Ina Garten's Thanksgiving Story Shows Why Her Hamptons Store Was A Success
Ina Garten's journey to culinary stardom was a winding one. In some ways, it began in Stamford, Connecticut, where The Washington Post reports she was raised. Garten described her childhood meals as fairly bland, consisting mostly of canned vegetables and boiled chicken. At age 15 Garten met her husband Jeffrey, who she married in 1968. Briefly employed by the State Department in Washington D.C. writing nuclear codes, per Insider, in 1978 Garten decided to leave politics behind to run a specialty food store in the Hamptons, New York — Barefoot Contessa.
That Hamptons store was Garten's springboard to success: She's since written 13 cookbooks, has taken home seven Emmys, and garnered three James Beard awards, according to CBS News.

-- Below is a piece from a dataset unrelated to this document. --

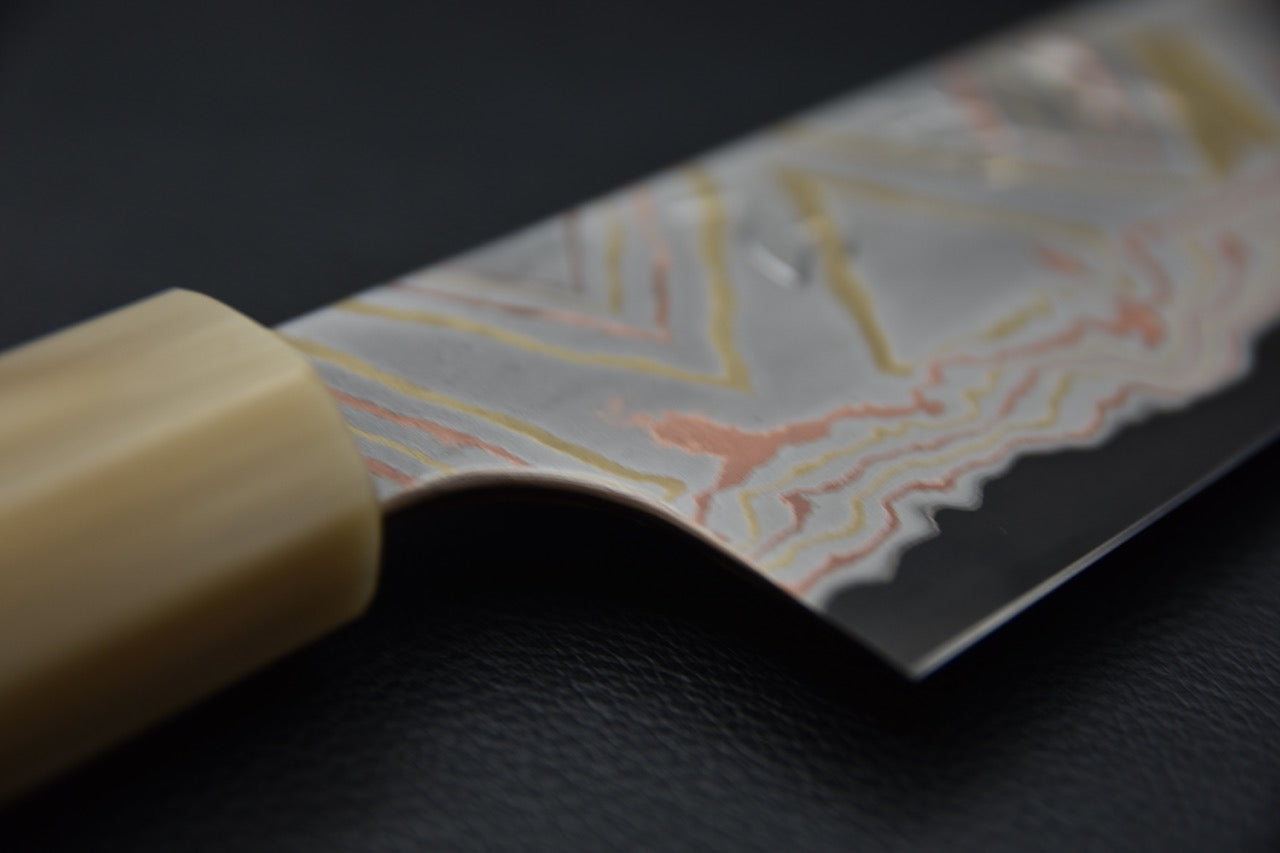 Hatsukokoro Irodori Aogami #2 Damascus Kurozome Gyuto 240 Ebony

An impressive feat — especially for someone who got into the culinary game later in life than many others — in an interview with 60 Minutes Garten shares a story about one particularly chilly Thanksgiving when she was still cooking up catered meals at Barefoot Contessa, which illustrates perfectly the dedication and drive that propelled her from a 400-square-foot food store in Westhampton Beach to the foodie icon she is today.
How Ina Garten kept the turkeys warm
Garten's Thanksgiving story, which she revealed in a 60 Minutes interview with Sharyn Alfonsi, centers on her specialty foods store in the Hamptons, which was popular for catering special events and holidays like Thanksgiving.
"Every year we would pack up the [Thanksgiving] orders Wednesday night so that people could come in on Thursday morning, and I would use the van out next to the store as a refrigerator," Garten told 60 Minutes. "One year it was like 33 degrees when I was going home, and I thought: 'No one wants a frozen Thanksgiving dinner.' So I drove the van home, and I set my alarm for every single hour all night — to turn the heat on for a few minutes and then go back to sleep. To keep the turkeys warm."
So that's the answer: Hard work. Garten revealed in an Instagram post in 2021 that the store took in $87 on her first day. That soon changed, however. Per House Beautiful, the store moved to larger digs in East Hampton in the 1980s. According to CBS News, Garten was putting in 20-hour days at the store, which she finally sold in 1996 after turning it into a success. The Barefoot Contessa Cookbook was published in 1999 (via Barefoot Contessa). And the rest, as they say, is history.